In 1991 I wrote, “Incumbents ALWAYS lose run-off elections unless their name is Turlington.”

So what do I make of Warren Nielsen surviving a run-off? Funny you should ask…

In back-to-back reelection races in the 1980’s, County Commissioner Ed Turlington was forced into run-off elections. Though originally enjoying the support of a coalition of progressives, environmentalists and neighborhood activists, he had alienated many in those camps by consistently voting alongside the pro-development majority on the County Commission. As a result, challengers attracted many of those voters who had previously supported Turlington. They didn’t draw enough of those votes to win or even stay in the running, but they did force Turlington into run-off elections.

In the first case, Turlington faced well-known good ol’ boy and developer, Ben Campen. In the second, he faced bank president Jim Emerson. Both opponents promised to be even more pro-development than Turlington had been. In response, environmentalists and neighborhood activists mobilized grassroots efforts to turn out the run-off votes on Turlington’s behalf, and in both cases prevailed, relying on an explicit lesser-of-two-evils message.

Zoom ahead two decades to Warren Nielsen’s 2003 reelection campaign for Gainesville City Commissioner.

Nielsen had similarly disappointed many of the progressives, environmentalists and neighborhood activists who had supported his initial election. Like a weakened alpha wolf, he faced a number of rivals on his left and his right. And (doubly) like Turlington, he found himself not only an incumbent in a run-off election, but in a run-off against an actual prominent developer, Betsy Whitaker. And once again, the same coalition mounted a successful campaign to convince their allies to go to the polls, hold their noses, and return the lesser of the two evils to office.

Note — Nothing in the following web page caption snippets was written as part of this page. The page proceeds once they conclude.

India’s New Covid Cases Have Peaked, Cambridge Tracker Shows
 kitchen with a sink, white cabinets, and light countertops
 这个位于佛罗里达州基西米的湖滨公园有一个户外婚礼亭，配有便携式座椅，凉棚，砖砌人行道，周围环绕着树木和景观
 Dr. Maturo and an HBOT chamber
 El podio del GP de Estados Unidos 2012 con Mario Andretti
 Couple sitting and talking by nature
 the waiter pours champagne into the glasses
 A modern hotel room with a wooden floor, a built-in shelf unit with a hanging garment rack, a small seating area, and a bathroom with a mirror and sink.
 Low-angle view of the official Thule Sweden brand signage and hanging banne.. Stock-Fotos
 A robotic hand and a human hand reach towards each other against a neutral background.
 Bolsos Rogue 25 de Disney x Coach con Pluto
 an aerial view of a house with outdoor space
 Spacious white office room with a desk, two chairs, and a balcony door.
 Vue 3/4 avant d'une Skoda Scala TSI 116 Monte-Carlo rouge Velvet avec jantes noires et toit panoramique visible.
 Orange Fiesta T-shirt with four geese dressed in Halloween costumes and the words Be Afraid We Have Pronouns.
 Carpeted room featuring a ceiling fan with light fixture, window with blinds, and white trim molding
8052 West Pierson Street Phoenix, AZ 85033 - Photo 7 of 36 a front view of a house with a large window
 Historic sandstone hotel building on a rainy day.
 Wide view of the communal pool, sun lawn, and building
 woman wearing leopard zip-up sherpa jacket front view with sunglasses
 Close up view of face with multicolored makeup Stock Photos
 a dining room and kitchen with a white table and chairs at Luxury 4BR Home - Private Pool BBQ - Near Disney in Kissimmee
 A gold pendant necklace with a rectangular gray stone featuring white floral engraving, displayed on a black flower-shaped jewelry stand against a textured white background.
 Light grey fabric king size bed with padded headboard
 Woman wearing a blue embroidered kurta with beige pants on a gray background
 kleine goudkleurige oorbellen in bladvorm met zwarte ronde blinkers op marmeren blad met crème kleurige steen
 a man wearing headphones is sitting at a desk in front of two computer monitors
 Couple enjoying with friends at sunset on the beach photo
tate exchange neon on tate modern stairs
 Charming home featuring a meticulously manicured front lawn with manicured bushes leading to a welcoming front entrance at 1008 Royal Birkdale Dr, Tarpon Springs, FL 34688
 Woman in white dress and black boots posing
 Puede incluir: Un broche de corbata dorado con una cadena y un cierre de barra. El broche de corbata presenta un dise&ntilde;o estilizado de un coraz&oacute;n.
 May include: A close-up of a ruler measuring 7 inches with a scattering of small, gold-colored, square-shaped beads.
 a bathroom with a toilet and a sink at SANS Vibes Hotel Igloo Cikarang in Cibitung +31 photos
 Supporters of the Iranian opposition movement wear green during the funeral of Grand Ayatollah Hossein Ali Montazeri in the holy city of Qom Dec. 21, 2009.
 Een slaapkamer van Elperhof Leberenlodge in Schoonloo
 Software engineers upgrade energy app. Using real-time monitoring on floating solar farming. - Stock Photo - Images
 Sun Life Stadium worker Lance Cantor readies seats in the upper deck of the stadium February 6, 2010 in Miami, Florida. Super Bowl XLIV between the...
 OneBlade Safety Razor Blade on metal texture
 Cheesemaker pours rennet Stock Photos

Ladies and gentlemen, I give you Warren… Nielsen… Turlington!

In over 40 years of City and County Commission elections, these are the ONLY exceptions to incumbents losing run-off elections, and all three involve virtually identical scenarios. (For the record, there are at least eight City Commission elections since the 1970’s in which incumbents lost their run-off.)

Why is it so precarious for an incumbent to be forced into a run-off election? Two reasons:

First, when an incumbent draws two or more serious challengers in a primary election, it’s probably an indication of the incumbent’s vulnerability. Serious, i.e. electable, candidates rarely run the risk of taking on an incumbent who’s viewed as popular and successful.

Second, because of the visibility an incumbent enjoys, he or she is a known quantity among voters.

When someone decides to vote for one of the challengers, it’s an acknowledgement the voter has NOT given the incumbent the benefit of the doubt that he or she should be returned to office. In other words, a vote that’s not FOR the incumbent is very likely a vote AGAINST the incumbent.

As an undergrad, I majored in math and science. What kind of science? Political science. And one of the first things I learned in my State and Local Politics class comes as close to being the Law of Gravity in political science as you can get:

Incumbents ALMOST ALWAYS lose run-off elections
for state and local offices.

Now, don’t say you didn’t get the memo.